▸ INPUT DATA:
☆ ☆ ☆ ☆ ☆ ☆ ☆

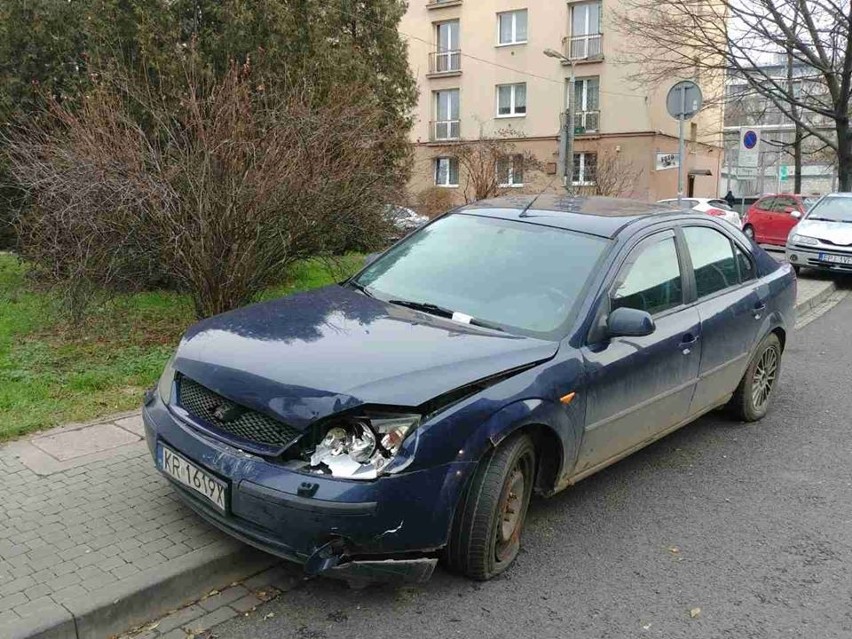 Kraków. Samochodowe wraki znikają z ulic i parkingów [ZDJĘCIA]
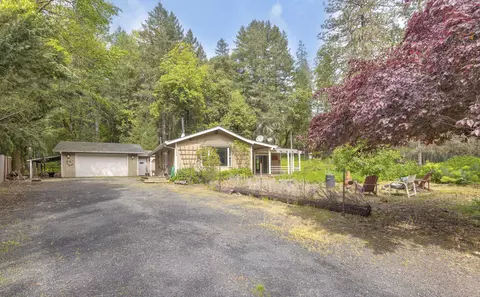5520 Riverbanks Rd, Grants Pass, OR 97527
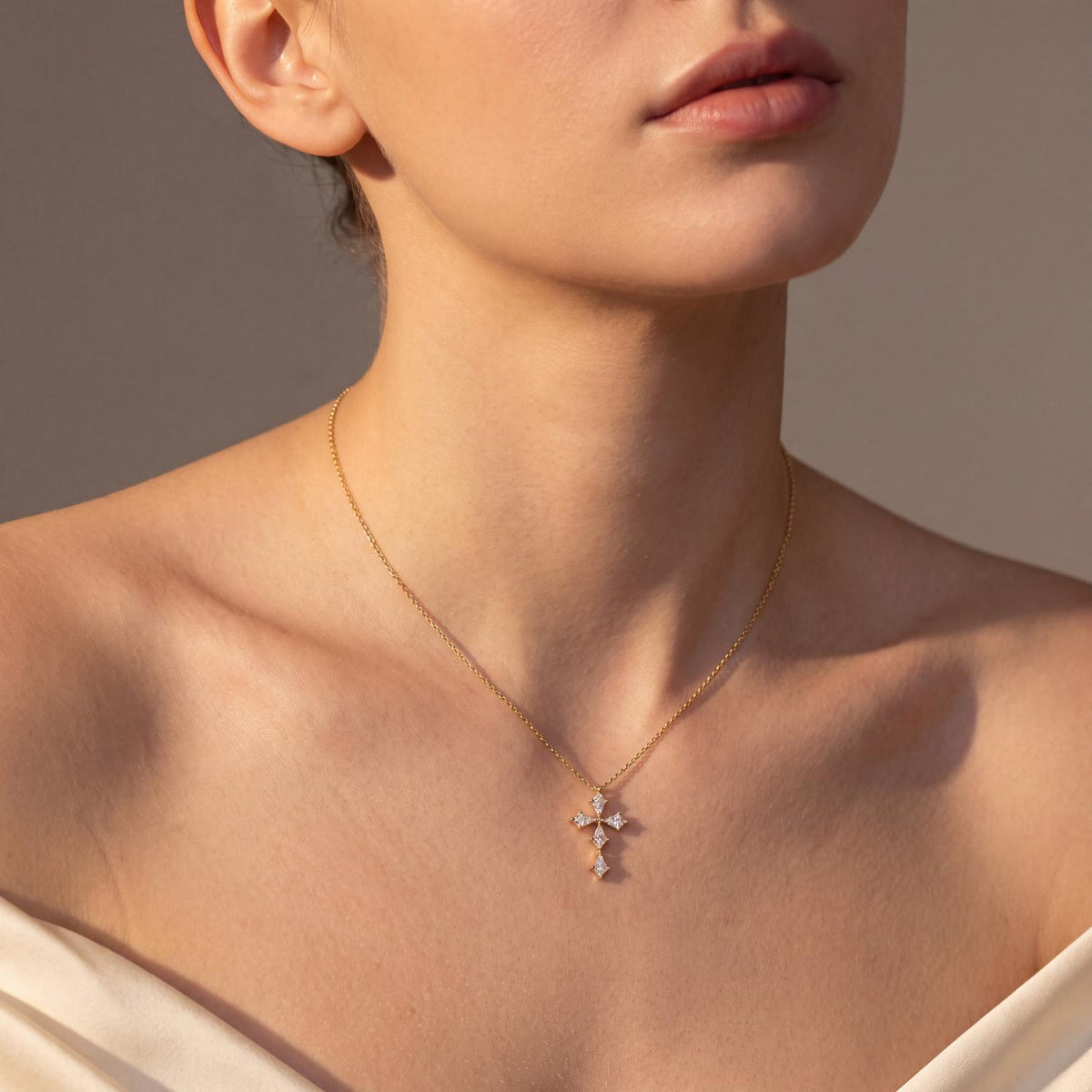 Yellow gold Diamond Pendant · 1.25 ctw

☆ ☆ ☆ ☆ ☆ ☆ ☆

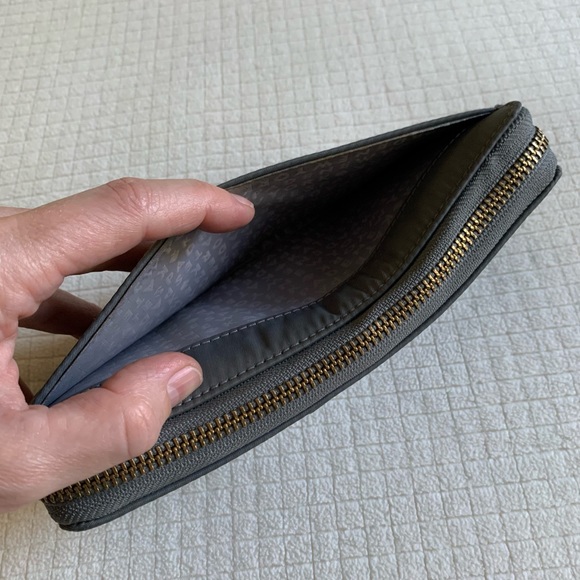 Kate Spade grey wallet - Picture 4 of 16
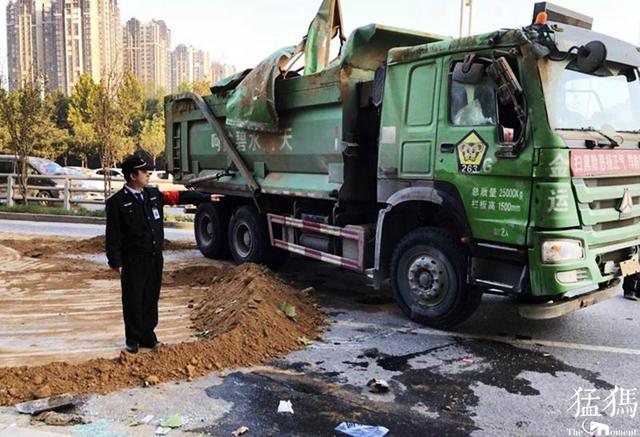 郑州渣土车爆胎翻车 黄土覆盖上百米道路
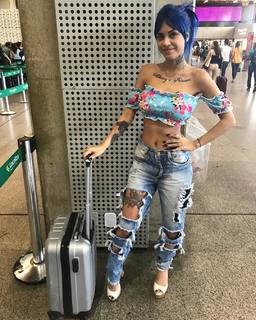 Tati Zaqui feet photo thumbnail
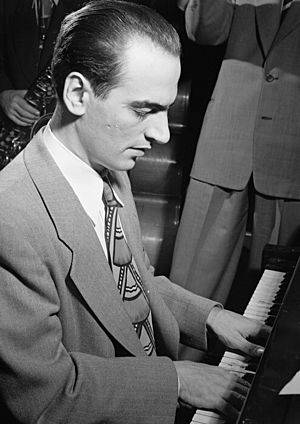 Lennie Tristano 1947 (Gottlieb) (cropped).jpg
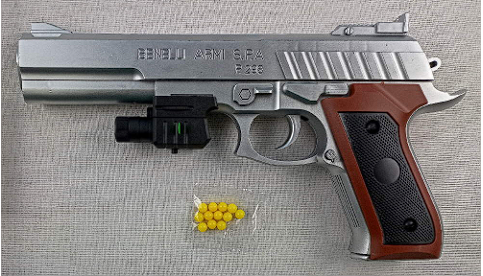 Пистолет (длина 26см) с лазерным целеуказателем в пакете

☆ ☆ ☆ ☆ ☆ ☆ ☆

Extract the part of the records that opens with the line containing "Tati Zaqui feet photo thumbnail" and closes with the line containing "Пистолет (длина 26см)". Take only those lines, exactly, and no pictures.

 Tati Zaqui feet photo thumbnail
 Lennie Tristano 1947 (Gottlieb) (cropped).jpg
 Пистолет (длина 26см) с лазерным целеуказателем в пакете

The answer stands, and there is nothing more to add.